Linguistic distance

Last updated

Linguistic distance is the measure of how different one language (or dialect) is from another. [1] [2] Although they lack a uniform approach to quantifying linguistic distance between languages, linguists apply the concept to a variety of linguistic contexts, such as second-language acquisition, historical linguistics, language-based conflicts, and the effects of language differences on trade. [3] [4] [5] [6] [7] [8] [9]

Contents

Measures

Lexicostatistics

The proposed measures used for linguistic distance reflect varying understandings of the term itself. One approach is based on mutual intelligibility, i.e. the ability of speakers of one language to understand the other language. With this, the higher the linguistic distance, the lower is the level of mutual intelligibility. [10]

Because cognate words play an important role in mutual intelligibility between languages, these figure prominently in such analyses. The higher the percentage of cognate (as opposed to non-cognate) words in the two languages with respect to one another, the lower is their linguistic distance. Also, the greater the degree of grammatical relatedness (i.e. the cognates mean roughly similar things) and lexical relatedness (i.e. the cognates are easily discernible as related words), the lower is the linguistic distance. [10] As an example of this, the Hindustani word pānch is grammatically identical and lexically similar (but non-identical) to its cognate Punjabi and Persian word panj as well as to the lexically dissimilar but still grammatically identical Greek pent- [11] and English five. As another example, the English dish and German tisch 'table' are lexically (phonologically) similar but grammatically (semantically) dissimilar. Cognates in related languages can even be identical in form, but semantically distinct, such as caldo and largo, which mean respectively 'hot' and 'wide' in Italian but 'broth, soup' and 'long' in Spanish. Using a statistical approach (called lexicostatistics) by comparing each language's mass of words, distances can be calculated between them. In technical terms, what is calculated is the Levenshtein distance. [10] Based on this, one study compared both Afrikaans and West Frisian with Dutch to see which was closer to Dutch. It determined that the Dutch and Afrikaans (mutual distance of 20.9%) were considerably closer than Dutch and West Frisian (mutual distance of 34.2%). [10]

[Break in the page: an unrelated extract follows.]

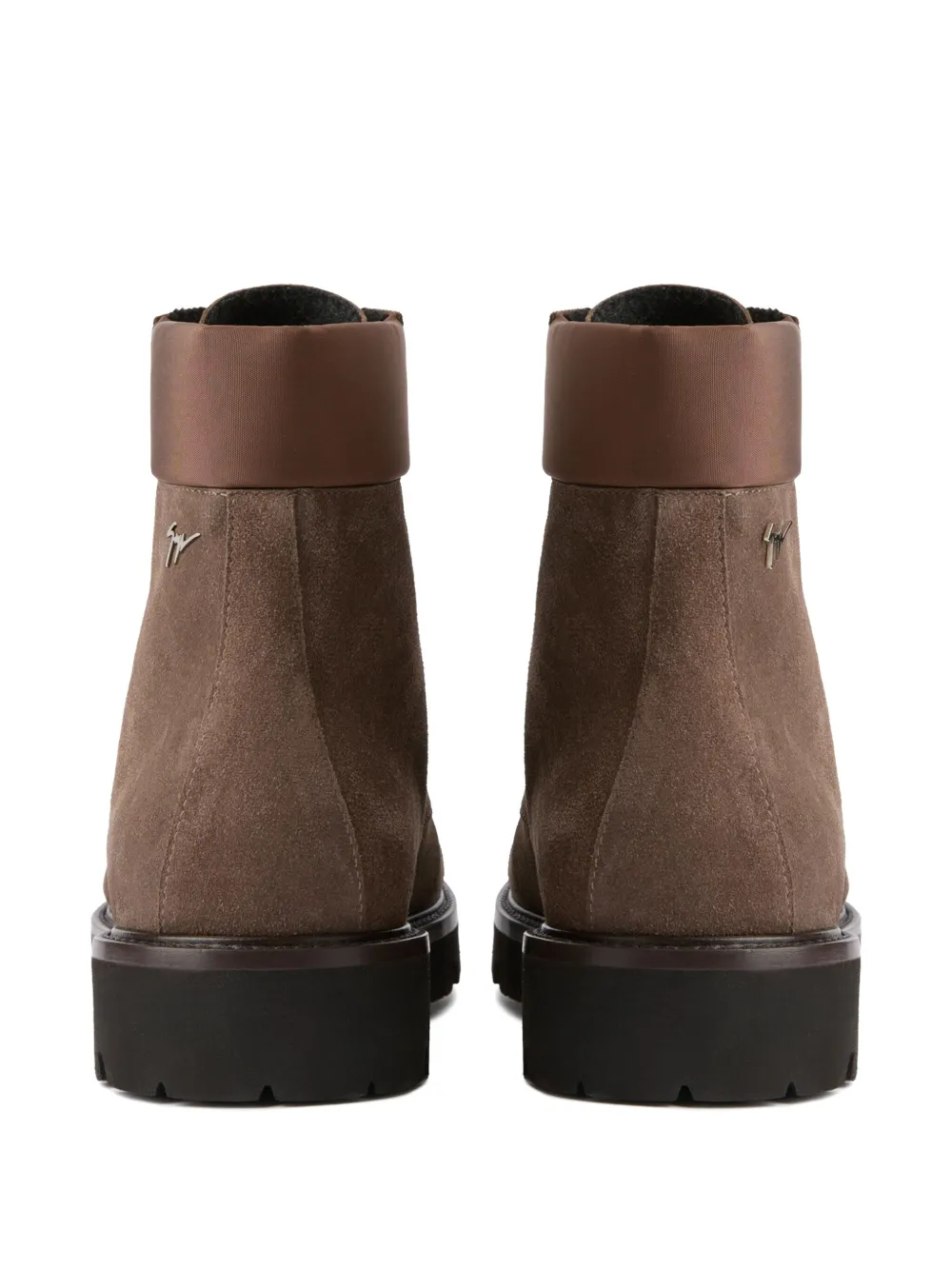 Giuseppe Zanotti ZHENO suède veterlaarzen Bruin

However, lexicostatistical methods, which are based on retentions from a common proto-language – and not innovations – are problematic due to a number of reasons, so some linguists argue they cannot be relied upon during the tracing of a phylogenetic tree (for example, highest retention rates can sometimes be found in the opposite, peripheral ends of a language family). [12] Unusual innovativeness or conservativeness of a language can distort linguistic distance and the assumed separation date, examples being Romani language and East Baltic languages respectively. [12] On the one hand, continued adjacency of closely related languages after their separation can make some loanwords 'invisible' (indistinguishable from cognates, see etymological nativization), therefore, from lexicostatistical point of view these languages appear less distant then they actually are (examples being Finnic and Saami languages). [12] On the other hand, strong foreign influence of languages spreading far from their homeland can make them share fewer inherited words than they ought to (examples being Hungarian and Samoyedic languages in the East Uralic branch). [12]

Other internal aspects

Besides cognates, other aspects that are often measured are similarities of syntax and written forms. [13]

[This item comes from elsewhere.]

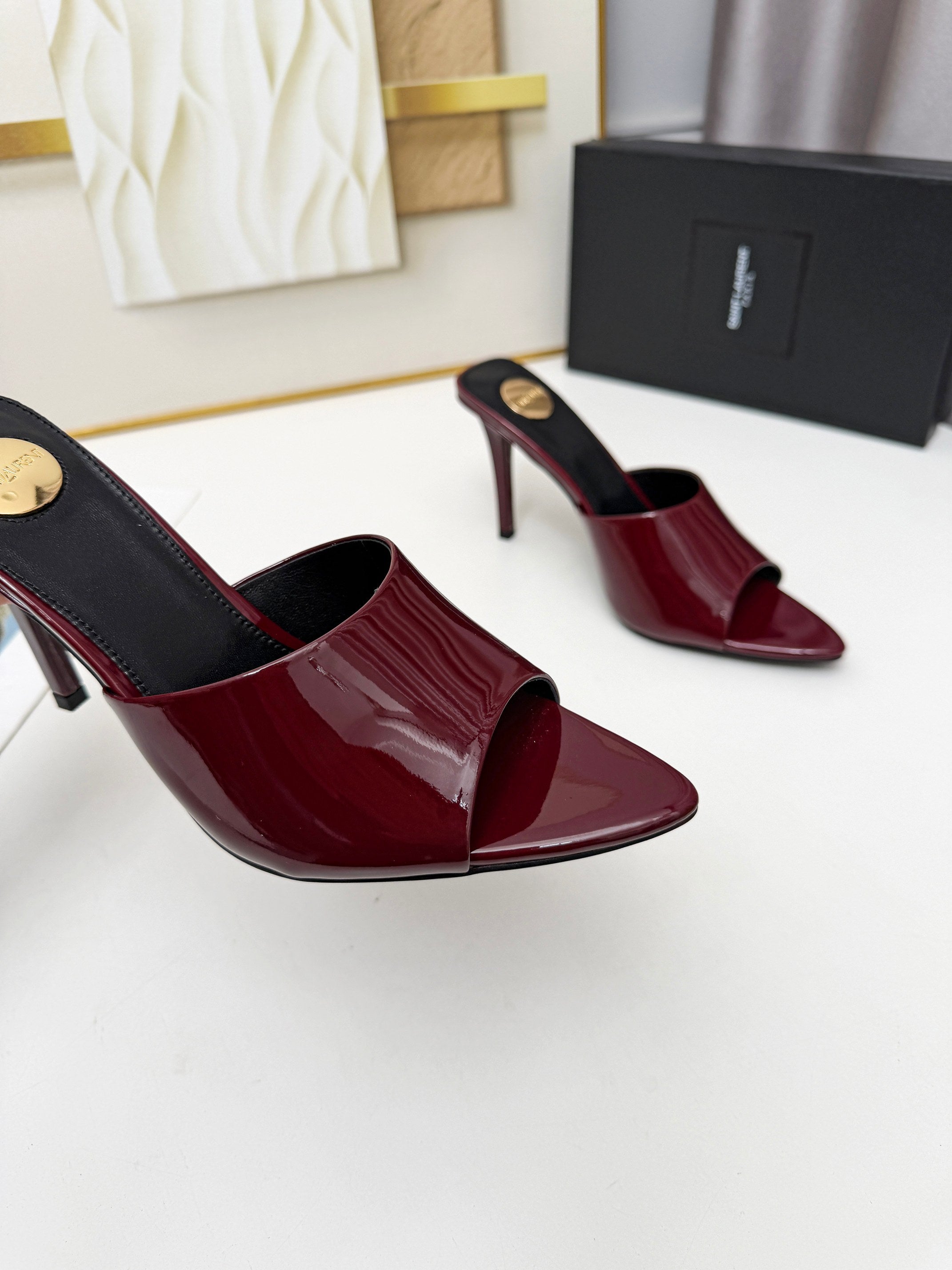 Z2P36SL6 Popular high-quality leather Shoes(heel-height 9cm)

To overcome the aforementioned problems of the lexicostatistical methods, Donald Ringe, Tandy Warnow and Luay Nakhleh developed a complex phylogenetical method relying on phonological and morphological innovations in 2000s. [12]

Language learning

A 2005 paper by economists Barry Chiswick and Paul Miller attempted to put forth a metric for linguistic distances that was based on empirical observations of how rapidly speakers of a given language gained proficiency in another one when immersed in a society that overwhelmingly communicated in the latter language. In this study, the speed of English language acquisition was studied for immigrants of various linguistic backgrounds in the United States and Canada.[ vague ] [13]

See also

Related Research Articles

<span class="mw-page-title-main">Comparative method</span> Technique for studying the historical development of languages, based on language comparison

In linguistics, the comparative method is a technique for studying the development of languages by performing a feature-by-feature comparison of two or more languages with common descent from a shared ancestor and then extrapolating backwards to infer the properties of that ancestor. The comparative method may be contrasted with the method of internal reconstruction in which the internal development of a single language is inferred by the analysis of features within that language. Ordinarily, both methods are used together to reconstruct prehistoric phases of languages; to fill in gaps in the historical record of a language; to discover the development of phonological, morphological and other linguistic systems and to confirm or to refute hypothesised relationships between languages.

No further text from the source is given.